ROME, Italy — Pope Francis said Tuesday that the world’s assorted religions are all “different ways of coming to God,” representing a “richness” deserving of respect.

“If in the past, our differences set us at odds, nowadays we see in them the richness of different ways of coming to God and of educating young people for peaceful coexistence in mutual respect,” the pope said in an address to participants in the meeting “Religions and Education: Towards a Global Compact on Education.”

Francis’ conviction that all religions are paths to God sets him at odds with his predecessor Pope Benedict XVI, who asserted that a differentiation among religions is essential.

Some religions “teach brotherhood and peace and are therefore of enormous importance to integral human development,” Benedict wrote. “Some religious and cultural attitudes, however, do not fully embrace the principle of love and truth and therefore end up retarding or even obstructing authentic human development.”
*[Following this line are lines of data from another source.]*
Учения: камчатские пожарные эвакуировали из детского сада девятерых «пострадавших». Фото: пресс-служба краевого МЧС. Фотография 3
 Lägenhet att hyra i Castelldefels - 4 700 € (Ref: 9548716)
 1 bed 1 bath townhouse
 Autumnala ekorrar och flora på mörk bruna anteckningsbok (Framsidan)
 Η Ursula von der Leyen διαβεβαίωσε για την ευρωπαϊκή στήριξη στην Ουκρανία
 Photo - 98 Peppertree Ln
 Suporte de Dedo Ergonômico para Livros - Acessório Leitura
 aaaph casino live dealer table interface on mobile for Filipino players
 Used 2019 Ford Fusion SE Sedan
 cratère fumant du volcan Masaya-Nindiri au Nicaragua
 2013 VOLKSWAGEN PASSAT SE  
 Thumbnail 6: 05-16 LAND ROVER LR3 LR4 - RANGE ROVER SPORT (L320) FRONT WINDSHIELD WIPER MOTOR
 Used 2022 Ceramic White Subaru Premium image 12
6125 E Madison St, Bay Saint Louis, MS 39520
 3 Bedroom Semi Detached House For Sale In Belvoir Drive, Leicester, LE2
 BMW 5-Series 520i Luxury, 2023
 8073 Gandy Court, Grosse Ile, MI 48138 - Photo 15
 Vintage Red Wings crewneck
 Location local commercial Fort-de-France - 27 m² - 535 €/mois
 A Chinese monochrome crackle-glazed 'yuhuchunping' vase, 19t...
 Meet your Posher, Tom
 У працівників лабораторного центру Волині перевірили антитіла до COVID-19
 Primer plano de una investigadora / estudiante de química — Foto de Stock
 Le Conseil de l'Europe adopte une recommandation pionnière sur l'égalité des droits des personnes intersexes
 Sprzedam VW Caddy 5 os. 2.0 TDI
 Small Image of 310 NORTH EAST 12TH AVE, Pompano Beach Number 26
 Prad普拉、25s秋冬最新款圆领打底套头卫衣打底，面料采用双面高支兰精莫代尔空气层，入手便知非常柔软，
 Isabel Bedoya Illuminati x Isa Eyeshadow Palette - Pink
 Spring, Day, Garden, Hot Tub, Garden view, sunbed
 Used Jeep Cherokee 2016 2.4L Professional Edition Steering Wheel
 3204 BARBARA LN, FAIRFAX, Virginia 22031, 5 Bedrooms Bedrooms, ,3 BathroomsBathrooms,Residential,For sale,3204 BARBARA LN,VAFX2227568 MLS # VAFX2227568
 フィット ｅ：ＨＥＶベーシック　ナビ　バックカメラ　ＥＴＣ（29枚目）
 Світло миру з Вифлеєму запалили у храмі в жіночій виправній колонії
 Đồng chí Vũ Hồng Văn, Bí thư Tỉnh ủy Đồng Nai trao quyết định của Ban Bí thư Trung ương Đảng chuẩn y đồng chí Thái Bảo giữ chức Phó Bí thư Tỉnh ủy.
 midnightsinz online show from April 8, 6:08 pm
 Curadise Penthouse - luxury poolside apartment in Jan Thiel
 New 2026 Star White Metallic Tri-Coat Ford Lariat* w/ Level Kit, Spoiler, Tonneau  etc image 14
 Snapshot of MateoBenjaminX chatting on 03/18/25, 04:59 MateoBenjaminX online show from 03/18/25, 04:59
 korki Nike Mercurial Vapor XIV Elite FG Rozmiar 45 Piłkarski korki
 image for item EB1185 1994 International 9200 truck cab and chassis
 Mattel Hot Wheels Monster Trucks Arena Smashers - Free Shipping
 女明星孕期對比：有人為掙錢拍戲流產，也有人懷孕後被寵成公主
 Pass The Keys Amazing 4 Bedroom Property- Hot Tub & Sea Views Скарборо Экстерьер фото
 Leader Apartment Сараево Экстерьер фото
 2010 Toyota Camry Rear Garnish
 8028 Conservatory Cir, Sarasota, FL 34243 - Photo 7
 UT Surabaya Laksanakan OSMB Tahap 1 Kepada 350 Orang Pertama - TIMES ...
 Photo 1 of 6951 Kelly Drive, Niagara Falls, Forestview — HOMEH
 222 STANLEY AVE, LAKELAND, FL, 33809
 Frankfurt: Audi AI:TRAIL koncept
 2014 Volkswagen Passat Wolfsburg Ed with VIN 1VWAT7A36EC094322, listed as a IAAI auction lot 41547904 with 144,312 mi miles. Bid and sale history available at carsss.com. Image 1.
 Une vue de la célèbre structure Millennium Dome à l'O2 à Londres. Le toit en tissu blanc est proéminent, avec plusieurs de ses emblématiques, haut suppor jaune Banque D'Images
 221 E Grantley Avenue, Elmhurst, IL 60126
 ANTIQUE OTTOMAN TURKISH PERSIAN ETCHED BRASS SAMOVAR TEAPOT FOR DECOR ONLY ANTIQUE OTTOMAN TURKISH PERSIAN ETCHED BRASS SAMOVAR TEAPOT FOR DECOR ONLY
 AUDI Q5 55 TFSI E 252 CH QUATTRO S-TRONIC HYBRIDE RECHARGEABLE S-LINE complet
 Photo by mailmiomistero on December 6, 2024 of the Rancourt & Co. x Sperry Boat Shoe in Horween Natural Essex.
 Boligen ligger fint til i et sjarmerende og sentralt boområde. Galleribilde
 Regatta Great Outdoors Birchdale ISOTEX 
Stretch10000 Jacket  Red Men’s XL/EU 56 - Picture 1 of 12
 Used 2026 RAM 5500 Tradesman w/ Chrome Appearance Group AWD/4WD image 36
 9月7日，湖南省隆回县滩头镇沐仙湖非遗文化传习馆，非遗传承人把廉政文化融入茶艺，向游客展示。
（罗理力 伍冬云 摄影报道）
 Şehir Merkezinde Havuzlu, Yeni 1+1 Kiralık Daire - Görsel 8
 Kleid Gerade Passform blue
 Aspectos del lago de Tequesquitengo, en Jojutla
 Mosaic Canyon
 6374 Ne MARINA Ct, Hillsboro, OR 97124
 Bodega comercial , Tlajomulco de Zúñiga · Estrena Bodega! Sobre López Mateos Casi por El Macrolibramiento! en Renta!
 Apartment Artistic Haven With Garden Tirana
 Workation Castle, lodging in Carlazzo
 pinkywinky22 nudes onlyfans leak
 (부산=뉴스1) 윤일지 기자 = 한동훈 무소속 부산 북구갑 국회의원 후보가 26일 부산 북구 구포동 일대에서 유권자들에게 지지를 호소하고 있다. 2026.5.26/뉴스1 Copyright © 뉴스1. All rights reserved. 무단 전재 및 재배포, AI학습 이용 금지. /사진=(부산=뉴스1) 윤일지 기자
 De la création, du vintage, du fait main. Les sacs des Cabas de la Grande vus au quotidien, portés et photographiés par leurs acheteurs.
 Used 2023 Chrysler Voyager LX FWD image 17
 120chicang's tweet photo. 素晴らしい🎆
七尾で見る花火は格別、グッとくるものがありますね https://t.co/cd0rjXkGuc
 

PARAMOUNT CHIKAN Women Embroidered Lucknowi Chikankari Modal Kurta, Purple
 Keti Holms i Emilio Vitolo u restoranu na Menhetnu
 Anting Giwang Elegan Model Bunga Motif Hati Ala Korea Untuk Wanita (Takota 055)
Certain religions “do not oblige men and women to live in communion but rather cut them off from one other in a search for individual well-being, limited to the gratification of psychological desires,” he noted.

Moreover, “some religious and cultural traditions persist which ossify society in rigid social groupings, in magical beliefs that fail to respect the dignity of the person, and in attitudes of subjugation to occult powers,” he wrote.

Years earlier, as a cardinal he had observed that there are “deviant, esoteric forms of religion on offer.” There are “pathological” forms of religion, religions that are “obviously sick,” and religions that are “destructive for man.”

In this regard, “anyone who sees in the religions of the world only reprehensible superstition is wrong,” he wrote, but “anyone who wants only to give a positive evaluation of all religions… is equally wrong.”

Tuesday’s address was not the first time Pope Francis seemed to suggest that all religions lead to God and thus a plurality of religions is, in fact, willed by God.

In February 2019, Francis signed a joint statement with the Grand Imam of Al-Azhar Ahmad Al-Tayyeb, which asserted that God wills a plurality of religions just as He wills a plurality of colors, sexes, races, and languages.

“The pluralism and the diversity of religions, color, sex, race and language are willed by God in his wisdom, through which he created human beings,” the statement declared.

Not long afterward, the former doctrinal chief of the U.S. bishops’ conference, Father Thomas Weinandy, published an article criticizing the Abu Dhabi statement, insisting that the text undervalues the person of Jesus and undermines the Gospel itself.

The existence of a variety of colors, races, and languages in humanity is very different from a variety of contradictory truth claims about God’s identity and way of acting, Father Weinandy wrote.

Pope Francis is noted for his ambiguous statements, the priest said, but the Abu Dhabi text is “the most egregious.”

“By implication, it not only devalues the person of Jesus, but it also, and more so, strikes at the very heart of God the Father’s eternal will. Thus, such studied ambiguity undermines the very Gospel itself,” he wrote.

With his vague and imprecise language, the pope plays right into the hands of contemporary academics and pundits who argue that Christianity can no longer claim itself to be the one true religion, he said.

According to Catholic belief, the priest added, Jesus Christ is “the universal Savior and definitive Lord” and cannot be compared to any other religious founder, guru, or guide.

Weinandy said that one would like to think “that Pope Francis unwittingly, and so not consciously aware of the doctrinal implications of his signature, did not intend what the document seems to declare.”

“Regardless, no one, not even a pontiff, can undo or override the will of God the Father concerning Jesus his Son,” he said.

“In his love the Father has given the world Jesus his Son, and ‘there is no other name under heaven given among men by which we must be saved’ (Acts 4:12),” he added.